» ASSIGNMENT: Go to the line with "Goldfinches in the garden Classic Mug" in the entries below and write out every line from there through the line with "2 x 235/35 R19", exactly and without pictures.

» THE INPUT:
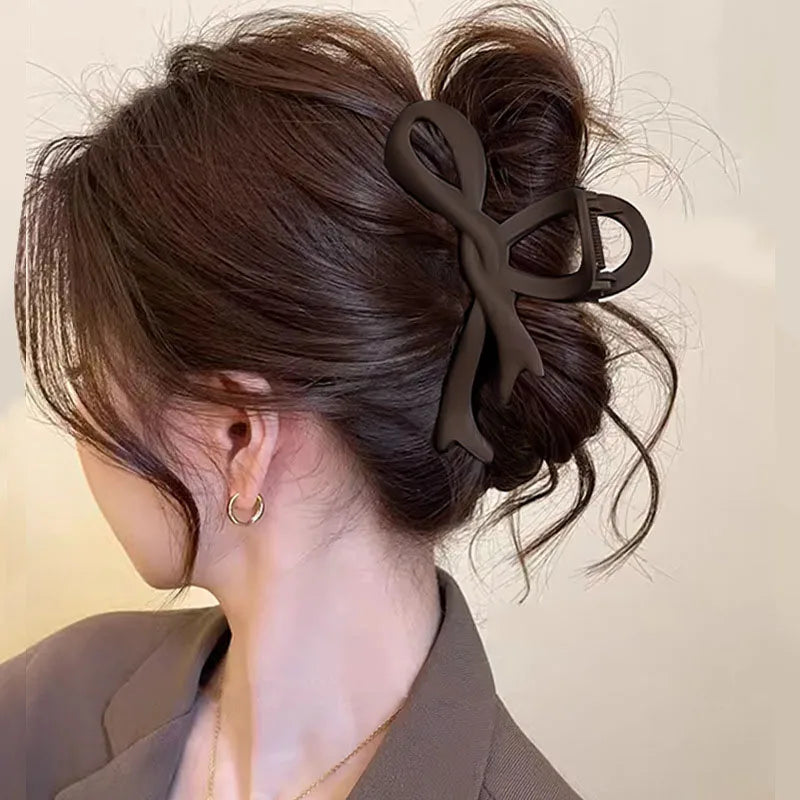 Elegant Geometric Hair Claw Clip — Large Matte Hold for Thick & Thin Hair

* * *

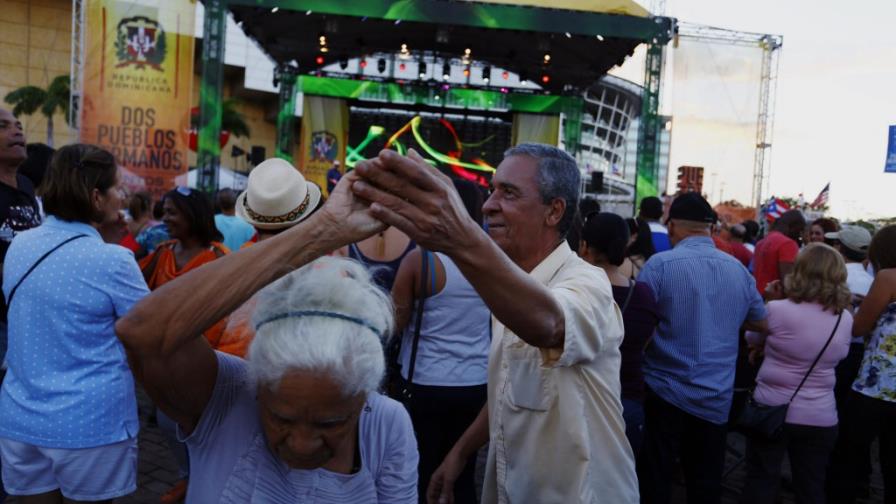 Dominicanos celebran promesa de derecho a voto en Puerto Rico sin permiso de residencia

...

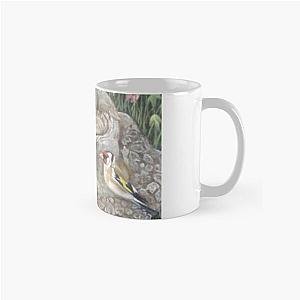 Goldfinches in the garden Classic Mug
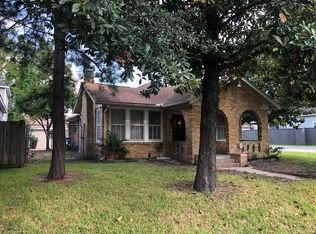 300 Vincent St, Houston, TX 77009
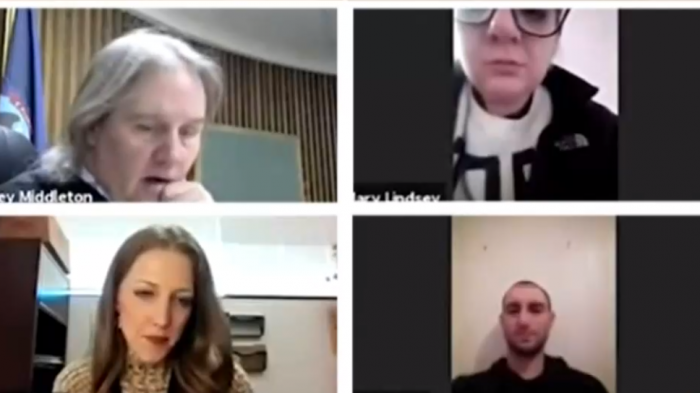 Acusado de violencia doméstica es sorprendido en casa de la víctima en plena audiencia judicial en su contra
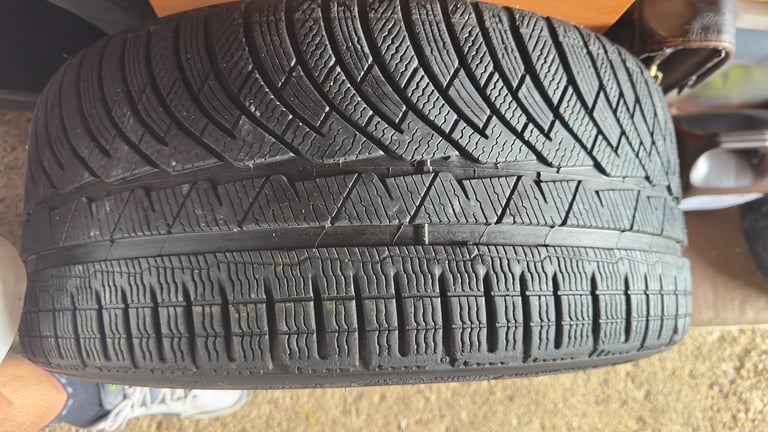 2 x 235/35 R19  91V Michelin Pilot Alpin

» YOUR RESPONSE:
 Goldfinches in the garden Classic Mug
 300 Vincent St, Houston, TX 77009
 Acusado de violencia doméstica es sorprendido en casa de la víctima en plena audiencia judicial en su contra
 2 x 235/35 R19  91V Michelin Pilot Alpin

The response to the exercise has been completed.